Die mit vielen Sachinformationen gespickte und mit prächtigen
Exponaten angereicherte Ausstellung und das dazu gehörende
Begleitbuch beleuchten die Umstände der Bündniswahl und
den Beginn des modernen Verfassungsstaates und verdeutlichen die
Rolle der Herrscher als Auftraggeber vieler Kunstwerke und als Bauherren
herausragender Architektur. Dargestellt werden aber auch die Schwierigkeiten
des Flächenstaates und seiner Verwaltung. Gezeigt werden Möbel,
Textilien, Gemälde, Urkunden, Büsten - die Kroninsignien,
bestehend aus Krone, Schwert, Zepter und Reichsapfel, bilden die
herausragendsten Stücke.
Erstmals werden in der Ausstellung - als Bestandteile der Kroninsignien
- die Original-Krönungsmäntel gezeigt, die 1806/07
als Zeichen der bayerisch-französischen Allianz angefertigt
wurden. Der Mantel des Königs (Maximilian I. Joseph) ist exakt
nach dem Schnitt des Mantels von Napoleon gefertigt, den dieser
beim Krönungsakt in Notre-Dame de Paris trug. Das damalige
Finanzministerium hielt übrigens den Preis für zu hoch
und nicht erforderlich. Die bayerische Version des Königs wurde
bisher im König-Ludwig-Museum in Herrenchiemsee gezeigt, der
etwas kleinere Mantel der Königin wurde sorgsam deponiert.
Im Konferenzzimmer sind die Krönungsmäntel passend mit
dem entsprechenden Bildnis König Maximilian I. Joseph inszeniert.

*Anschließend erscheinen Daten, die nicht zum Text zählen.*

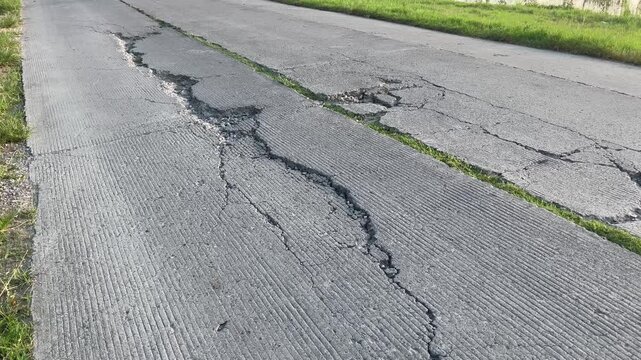 Cracked and Damaged Concrete Road Surface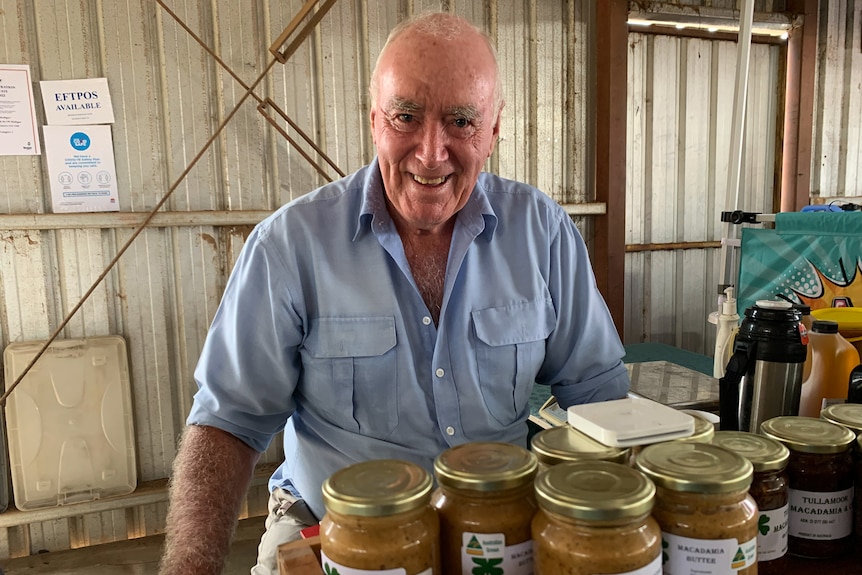 An older man in a blue shirt stands behind a market stall.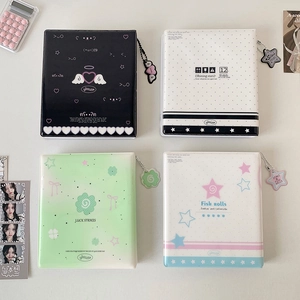 Top view of four assorted minimalist photo albums with matching charms and stickers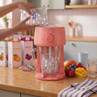 Electric blender with ice being added, surrounded by juice cartons and fresh fruit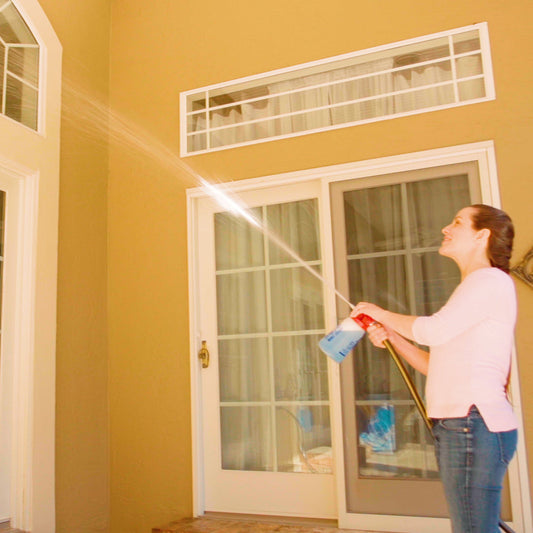 Person washing a house with a hose on a clear day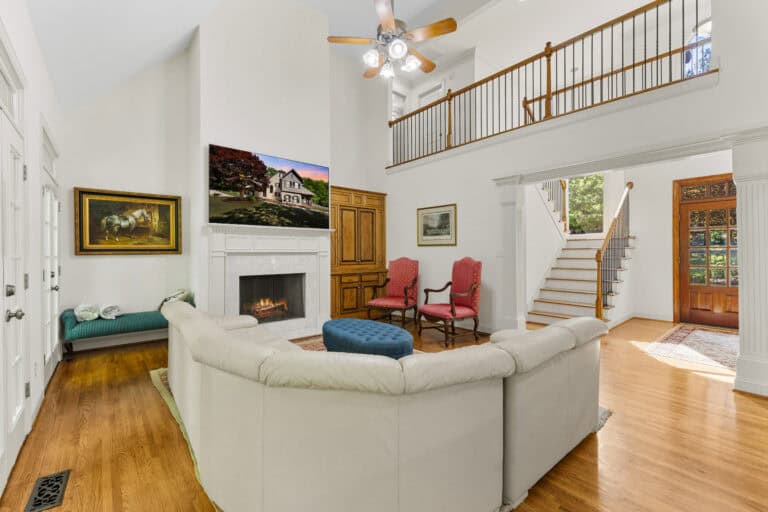 Bright open-concept living room and foyer with fireplace, staircase, balcony, and hardwood floors.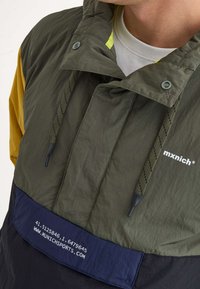 Chaqueta con capucha verde y amarilla que presenta un cordón de ajuste, paneles en contraste en azul marino y negro, y detalle del logo en el bolsillo delantero.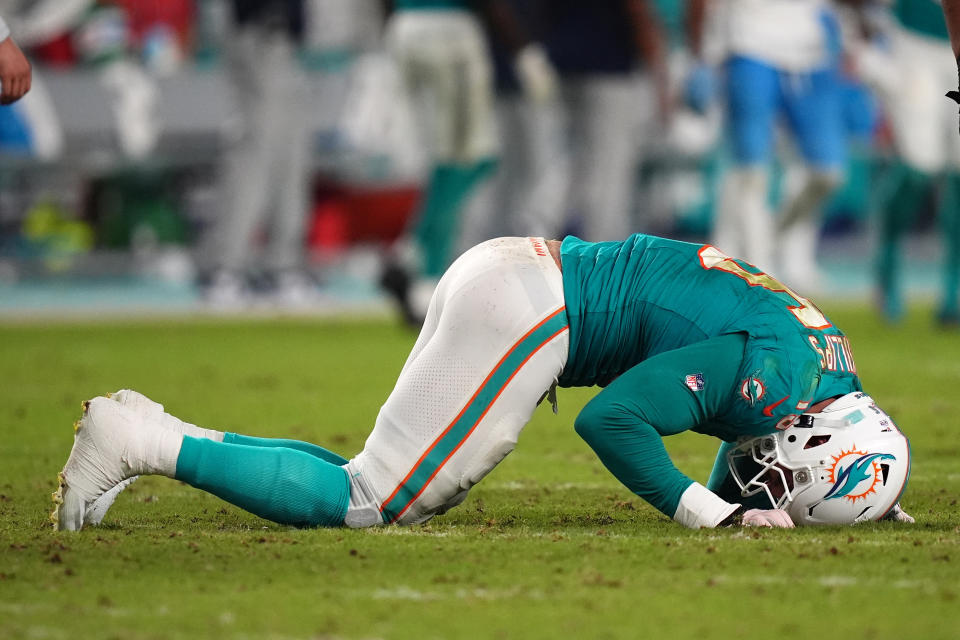 Sep 30, 2024; Miami Gardens, Florida, USA; Miami Dolphins linebacker Jaelan Phillips (15) reacts after an apparent injury during the second half against the Tennessee Titans at Hard Rock Stadium. Mandatory Credit: Jasen Vinlove-Imagn Images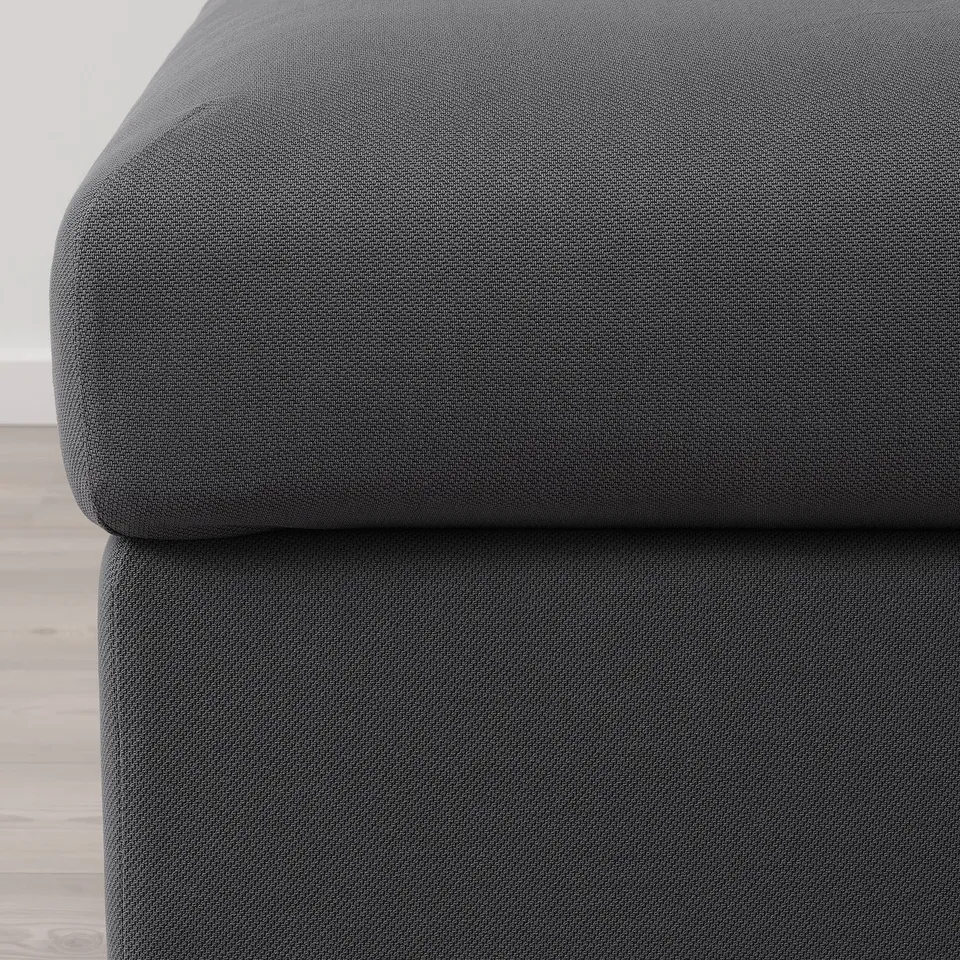 Image shows a close-up of a soft, dark grey couch with smooth, durable fabric, highlighting its comfortable and high-quality texture.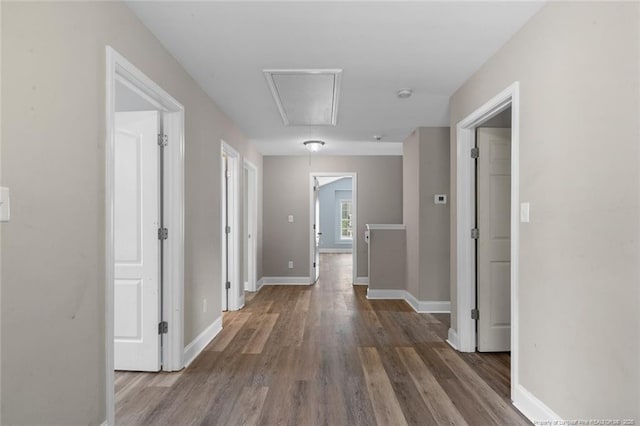4041 Lifestyle Rd, Fayetteville, NC 28312 - hall featuring attic access and wood finished floors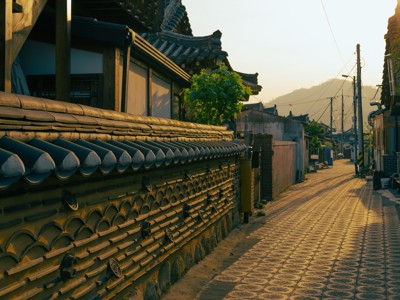 Rustige straat met traditionele hanokhuizen en stenen muur in Zuid-Korea tijdens zonsondergang.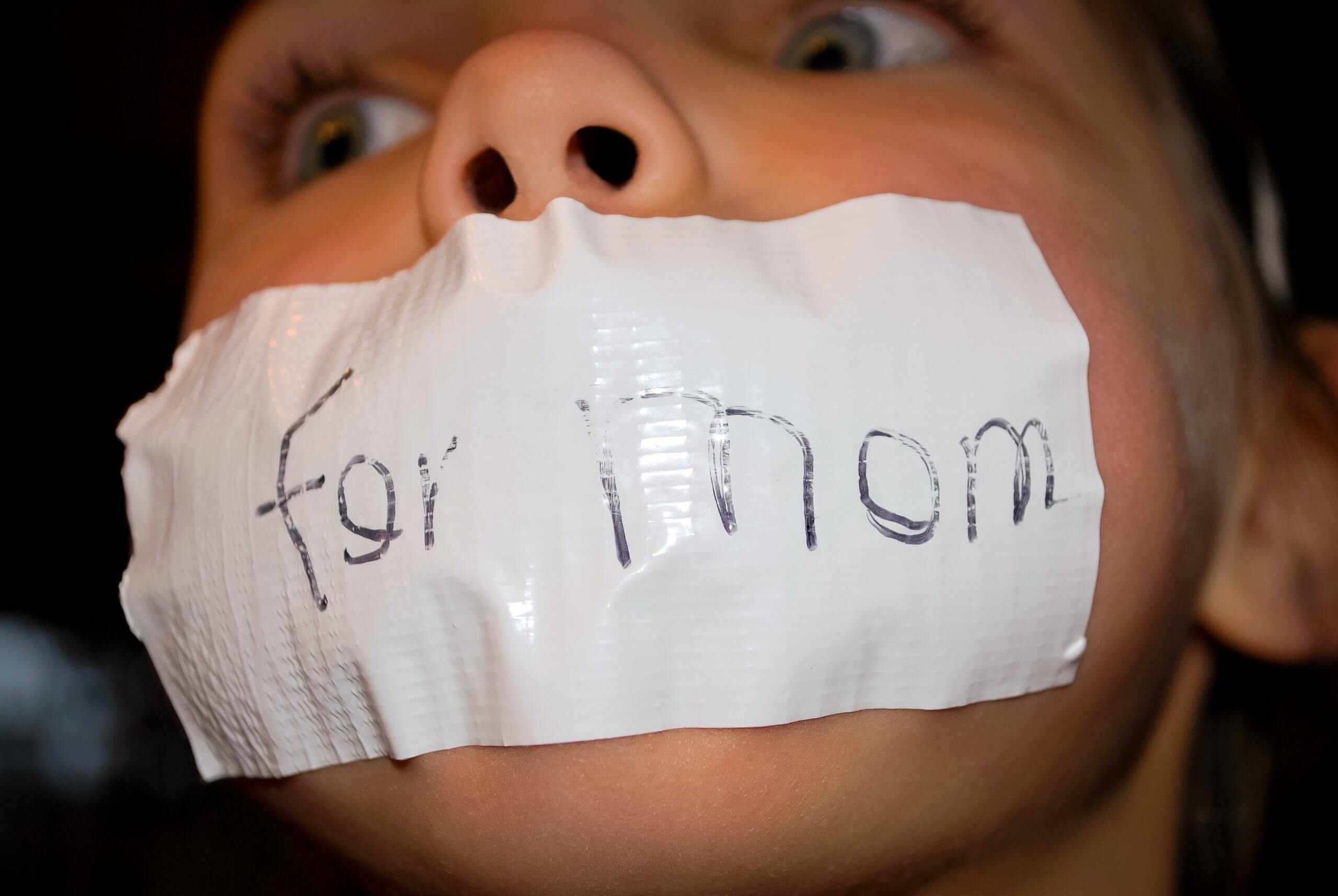 A child with duct tape covering their mouth. The duct tape reads, 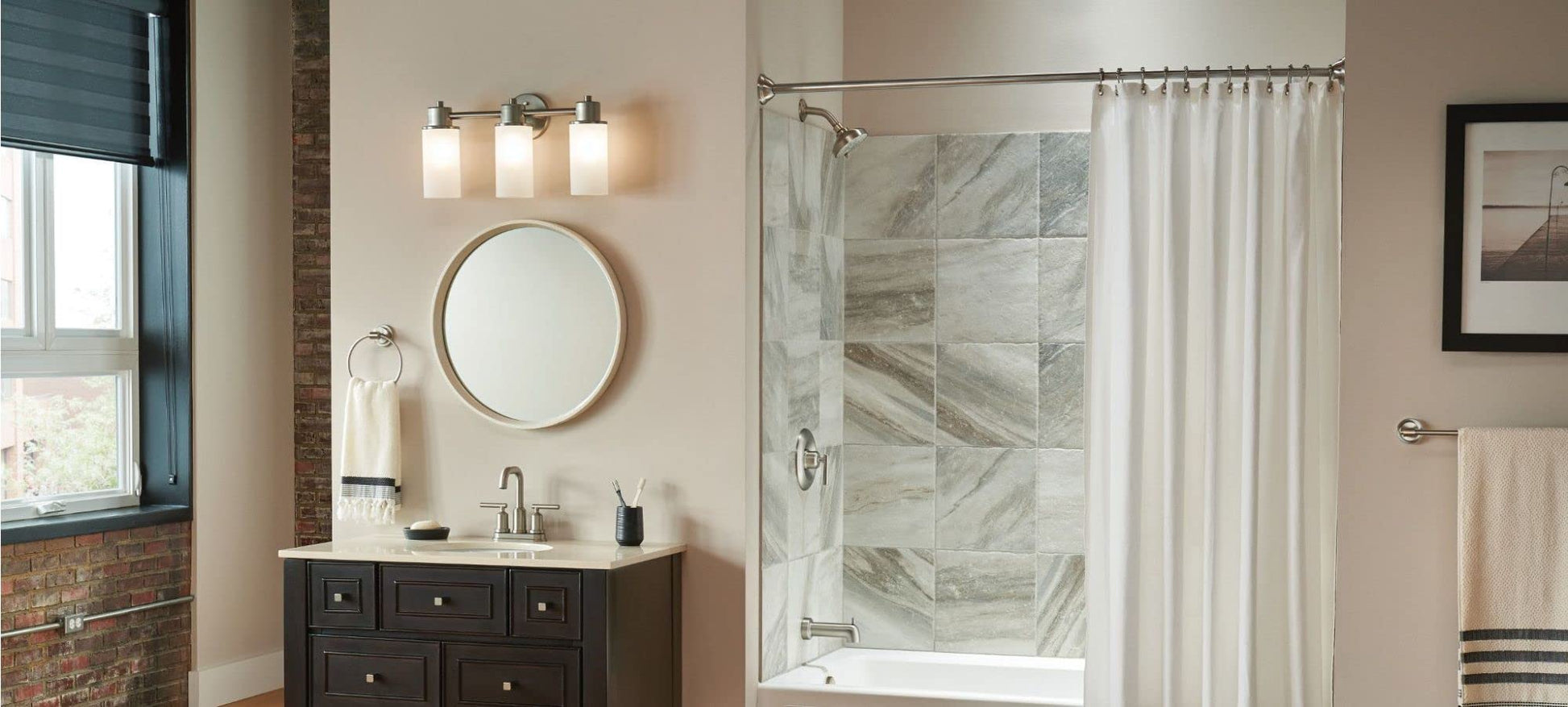 Brushed nickel wall-mounted towel ring installed on bathroom wall beside vanity mirror.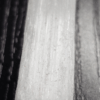 A closeup of a selenite stick, showing the fiber-like strands with a soft white glow.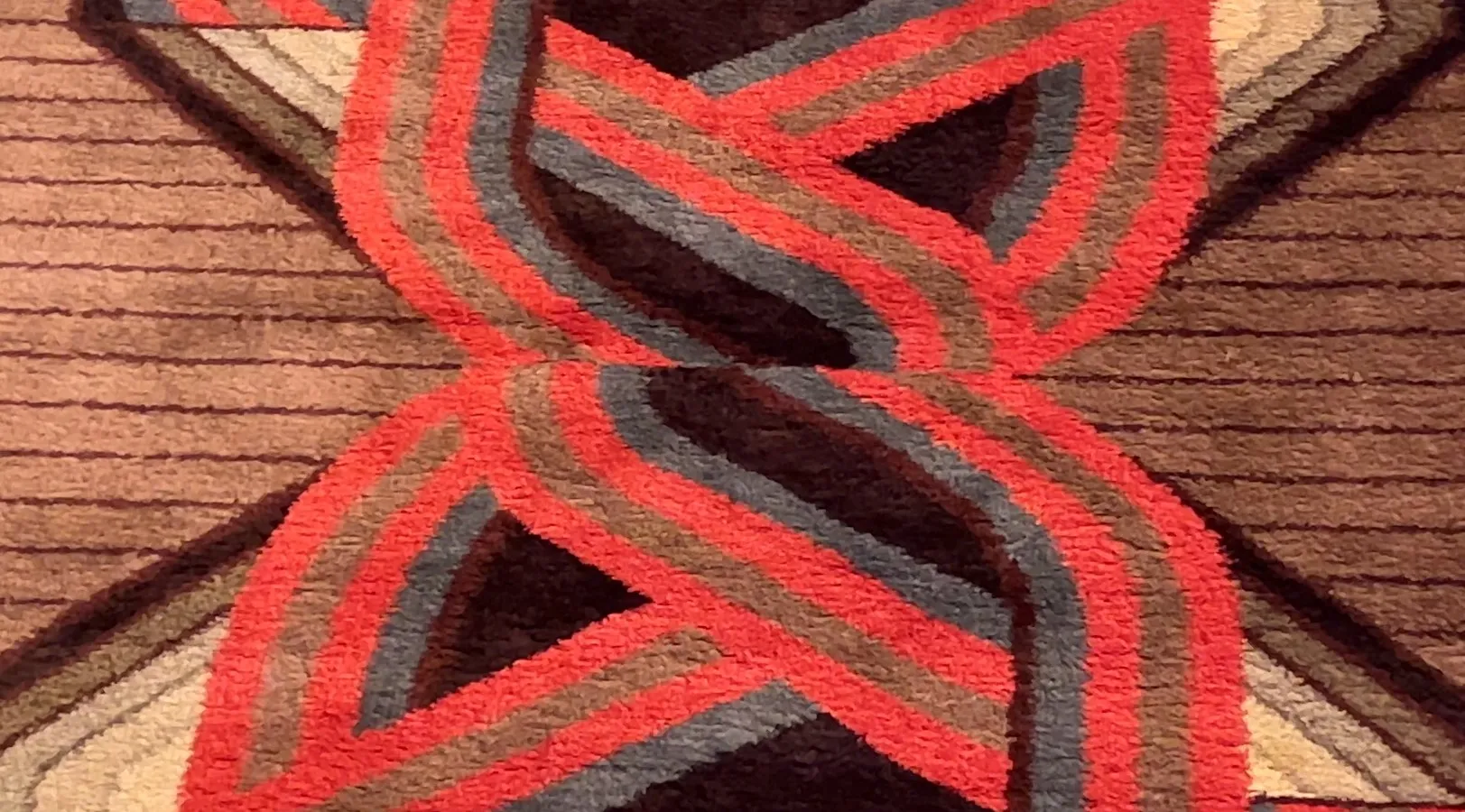 tappeto antico con toni caldi e motivi rossi e grigi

Die Münchener Residenz war nicht nur Schauplatz der Inthronisierung
(eine klassische Krönung hat ja - auch später - bei den
bayerischen Königen nie stattgefunden), sondern auch jahrhundertelang
Regierungssitz der bayerischen Herzöge, Kurfürsten und
Könige aus dem Hause Wittelsbach.
Mit einbezogen wurden auch die Räume der Schatzkammer,
in der auch die Kroninsignien neu präsentiert werden. Diese
werden ergänzt durch wertvolle Leihgaben jener Zeit aus ganz
Europa.
Nach dem verlorenen Russland-Feldzug Napoleons 1813, bei dem auch
Bayern viele tote und verwundete Soldaten zu beklagen hatte, wechselte
das Königreich Bayern nebenbei, eine Woche vor der Völkerschlacht
von Leipzig, zu den Alliierten und überstand so den Untergang
des Kaisers, zu dessen Füßen sie einst lagen und konnte
so im "teutschen" Chor wieder mitjubeln. Im 19. Jahrhundert
wurde schließlich Preußen zum europäischen Sieger
und Bayern zum Vasallen.
Mit Bayern stieg 1806 auch Württemberg zum Königreich
auf und aus dem Markgrafen von Baden wurde ein Großherzog.
Das Königreich Bayern bestand bis 1918 und ging noch vor dem
Deutschen Kaiserreich unter. Der Staat Bayern feiert heuer sein
200-jähriges Kron-Jubiläum in fast den gleichen Grenzen
des Jahres 1806, wenn auch als Demokratie und ohne "Königreich".
Die Sonderausstellung "Bayerns Krone 1806 - 200 Jahre Königreich
Bayern" wird nun aufgrund des großen Besucherinteresses
um zwei Wochen bis Sonntag, 13. August, verlängert. Ursprünglich
sollte der 30. Juli der letzte Öffnungstag der Sonderausstellung
sein. Bisher haben fast 150.000 Besucher die Ausstellung gesehen.
Die Ausstellung der Bayerischen Schlösserverwaltung in der
Münchner Residenz ist
bis Sonntag, 13. August, täglich von 9 bis 18 Uhr geöffnet.